The most significant theme of this poem, I think, has to do with its depiction of sex workers as individuals with identities that exist outside of the work that they do. There is a temptation for those who visit brothels to think of the women who work there as existing only for their pleasure, as though these women simply wait, naked and willing, for them to arrive so that they can come to life. The speaker seems to mimic, even mock, these thoughts in the first few lines:
Walk right in. It is yours.Where the house smiles wryly into the lighted street. Think of the women you wished to know and haven't.
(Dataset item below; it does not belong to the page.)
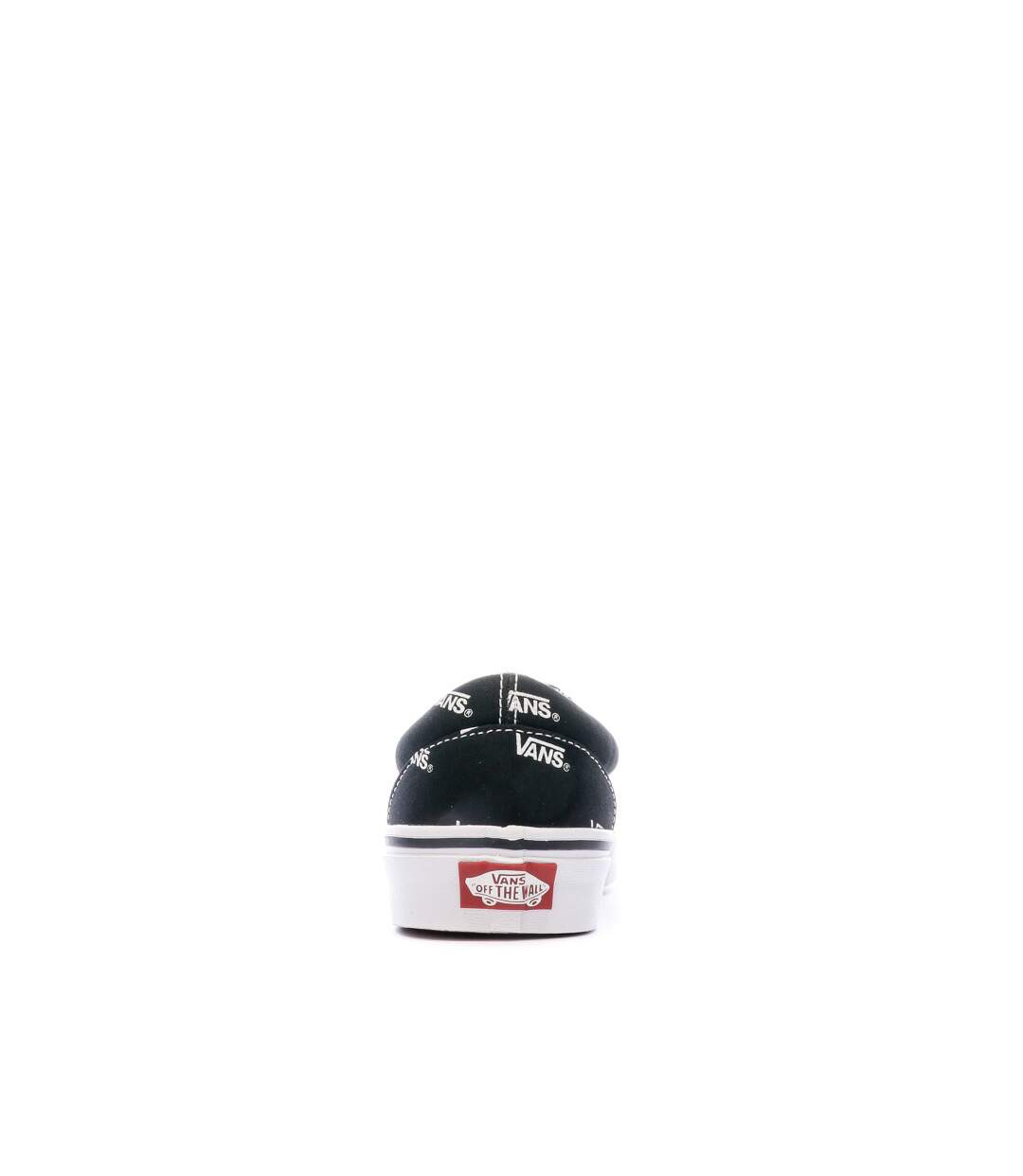 Baskets Noir Femme Vans Era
However, the speaker points out the "secret moonlight of the women" and the fact that their conversation with clients is "false chatter" because they are really thinking of their children, their homes, and their own lives rather than the sexual pleasure they will provide for the men who pay them. The women may feign pleasure, but they are really concerned with other, more mundane, things. These men "miss them in the house's dark spaces" and fail to see these women as individuals, as people with dignity and hope. This is perhaps symbolized by "the far edge of the rainbow" that they feel "faint[ly]" in the centers of their beings.
In "The Whorehouse in a Calcutta Street" Mahapatra challenges the dominant notion in society, which sees prostitutes as somehow subhuman. Mahapatra wants us to realize that, although the women portrayed in the poem may be society's outcasts, they're still human beings, with all the same hopes, dreams, fears, and emotions as anyone else.
The prevailing double standard permits men to seek sexual pleasure with prostitutes but damns prostitutes for providing that pleasure. Those men who cross the threshold of the bordello are only thinking of themselves and their needs; they don't stop to consider that most of the prostitutes they visit are mothers, eager to return home and be with their children. Indeed, the women who work at the brothel are only able to give pleasure to the men precisely because they have left their families at home to go out to work.
In portraying women who sell themselves as living, breathing human beings, Mahapatra is generating an alternative narrative to the one created by society, which licenses men to treat prostitutes as nothing more than pleasure-givers.